10.03.2026
What Is Transport Planning Software? A Guide for Cities and Authorities
As cities grow and mobility demands evolve, transport planning software has become an essential tool for authorities, urban planners, and researchers. But what exactly does it do — and what should you look for when evaluating solutions?
What Transport Planning Software Does
At its core, transport planning software enables planners to model how people move through a city, test the effect of infrastructure changes or new mobility services before they are implemented, and produce evidence-based recommendations for Sustainable Urban Mobility Plans (SUMPs).
Modern platforms go far beyond static traffic models. They integrate:
- Land-use and transport demand models — linking where people live, work, and travel
- Activity-based demand models — capturing daily travel patterns and trip chains at the individual level
- Traffic simulation — modelling road networks, public transport, and new mobility services
- Environmental and emissions assessment — quantifying CO₂ and air quality impacts of different scenarios
The Key Challenge: Fragmented Tools
One of the biggest problems cities face is that these capabilities are spread across incompatible tools. Land-use models, demand models, and traffic simulators are developed by different vendors, use different data formats, and require specialists in each. Connecting them is manual, error-prone, and expensive.
The traditional approach forces transport agencies to either:
- Use a single vendor's ecosystem (PTV, Aimsun) and accept its limitations, or
- Pay to train staff across multiple tools and manually integrate outputs
A New Generation of Integrated Platforms
This is the problem that HarmonyMS was designed to solve.
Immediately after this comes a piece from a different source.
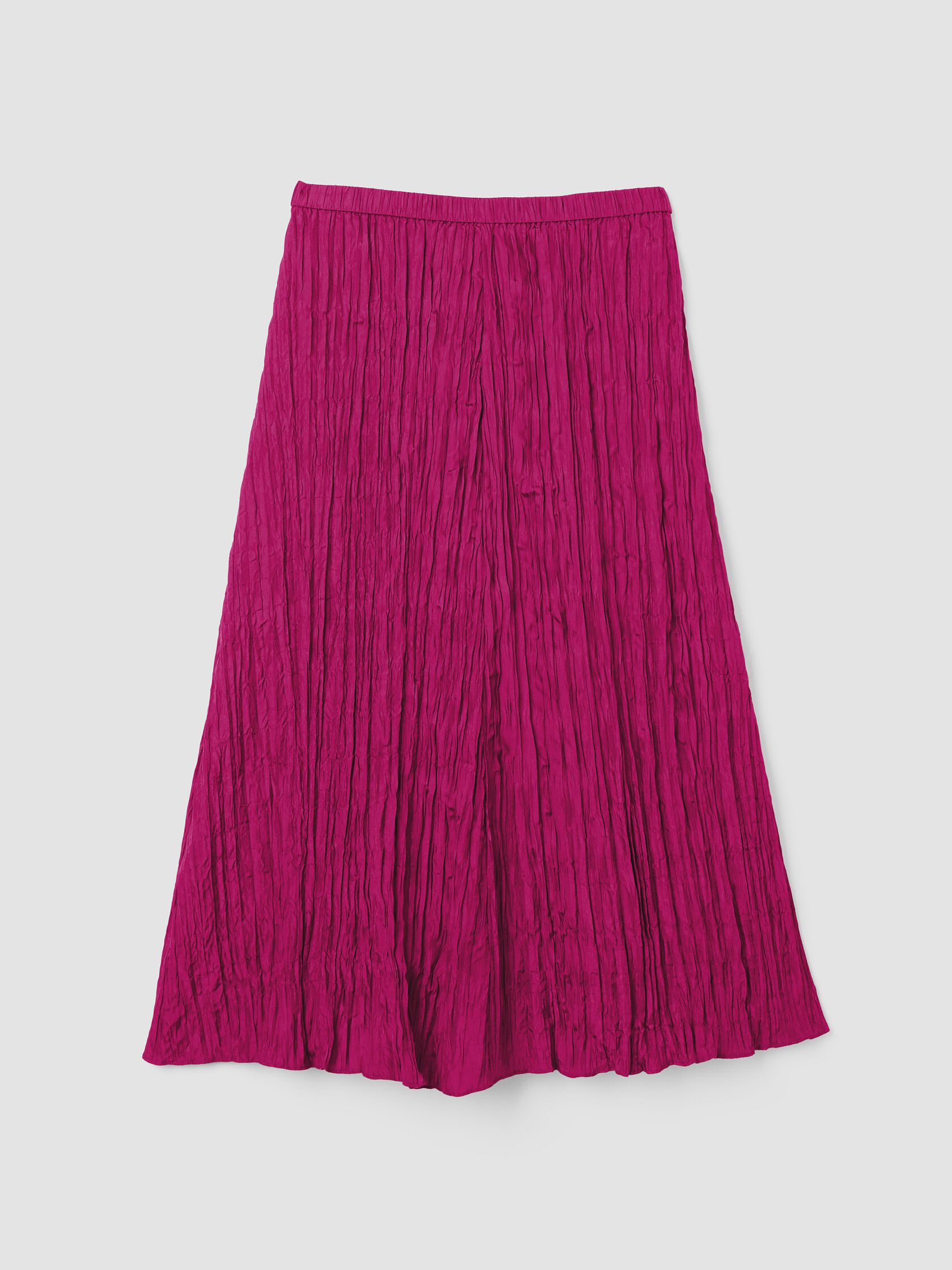 Crushed Silk Flared Skirt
Developed through the EU H2020-funded HARMONY project, it is a software-agnostic, modular platform that allows transport modellers to connect existing models — including commercial tools like PTV VISUM and Aimsun — through standardized adaptors.
Rather than replacing the models planners already rely on, HarmonyMS provides a common framework for linking them, managing input-output data flows, and evaluating scenarios across strategic, tactical, and operational planning levels.
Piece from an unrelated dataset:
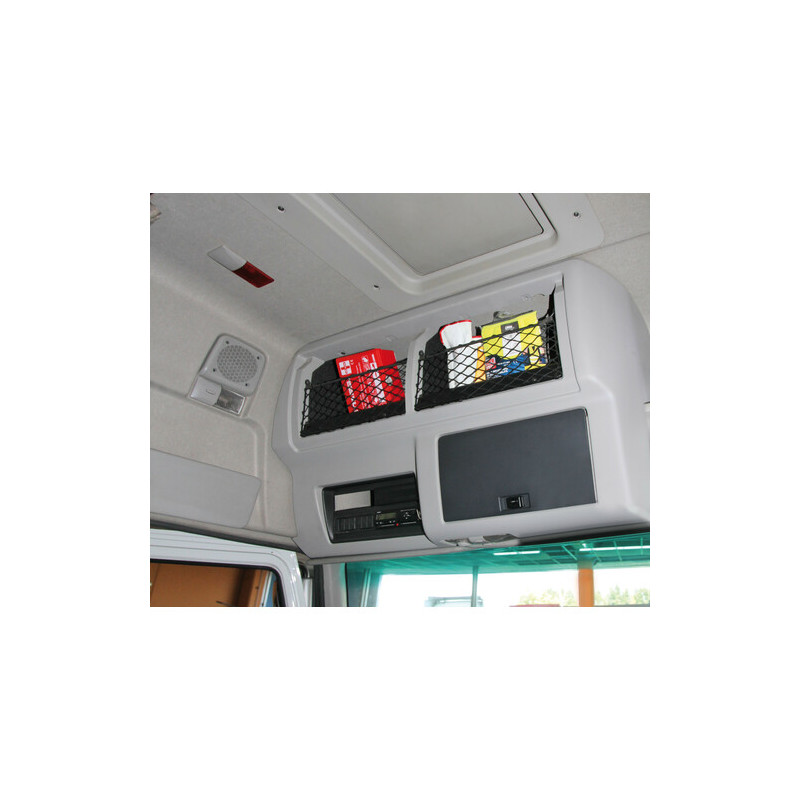 ELASTICIZED STORAGE POCKET 30X18CM WITH CLIP NS-9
What HarmonyMS Has Been Applied To
HarmonyMS has already been deployed in real-world planning processes across Europe, including:
- Rotterdam, Netherlands — strategic transport and land-use planning
- Oxfordshire, UK — sustainable mobility planning and scenario testing
- Turin, Italy — multimodal demand and emissions modelling
- Athens, Greece — urban mobility intervention assessment
- Larnaca and Heraklion — emerging deployments under EU projects
What to Look for in Transport Planning Software
When evaluating platforms for your authority or consultancy, consider:
- Model agnosticism — can it connect to models you already use?
- Activity-based demand modelling — does it capture individual travel behaviour, not just aggregate flows?
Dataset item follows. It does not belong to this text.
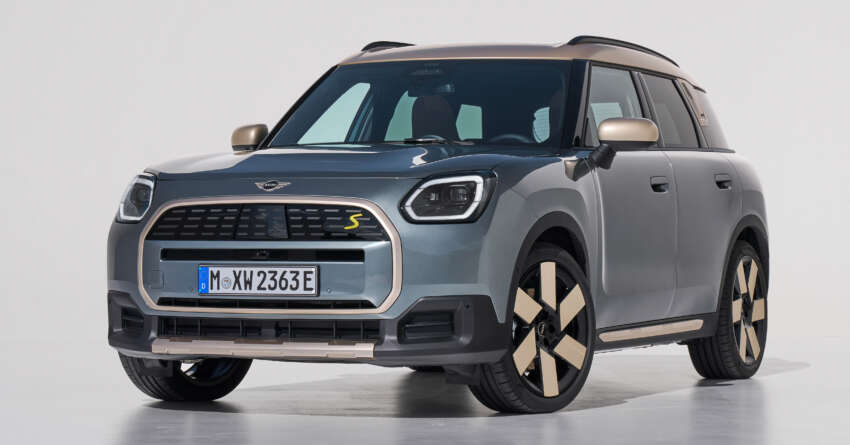 2024 MINI Countryman Electric debuts – single- and dual-motor EV powertrains; up to 313 hp, 462 km range 1662677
- Multimodal coverage — does it handle walking, cycling, public transport, and new mobility services (e-scooters, shared cars, AVs)?
- Scenario management — can you easily define, compare, and communicate the results of different policy options?
- Data integration — what input data formats does it support, and how does it connect to travel survey data?
The Role of Travel Data in Transport Planning
Transport models are only as good as the data that feeds them. Origin-destination matrices, modal split data, and activity patterns all need to come from somewhere — typically a combination of household travel surveys, GPS traces, and administrative data.
This is where tools like MobyApp come in: a smartphone-based travel survey platform that automates the collection of multi-day travel and activity diaries, feeding high-quality behavioural data directly into planning models.
Looking Ahead: The €25 Billion Urban Mobility Market
By 2035, the global demand for urban mobility platforms is projected to reach approximately $25 billion, with Europe as the largest regional market. The European Commission's push for cities to adopt Sustainable Urban Mobility Plans (SUMPs) is a key driver — and it creates a direct need for integrated, evidence-based transport planning software.
MobyX is at the intersection of this trend: developing the tools that help cities collect the data they need, model the outcomes of their plans, and make better decisions for their residents.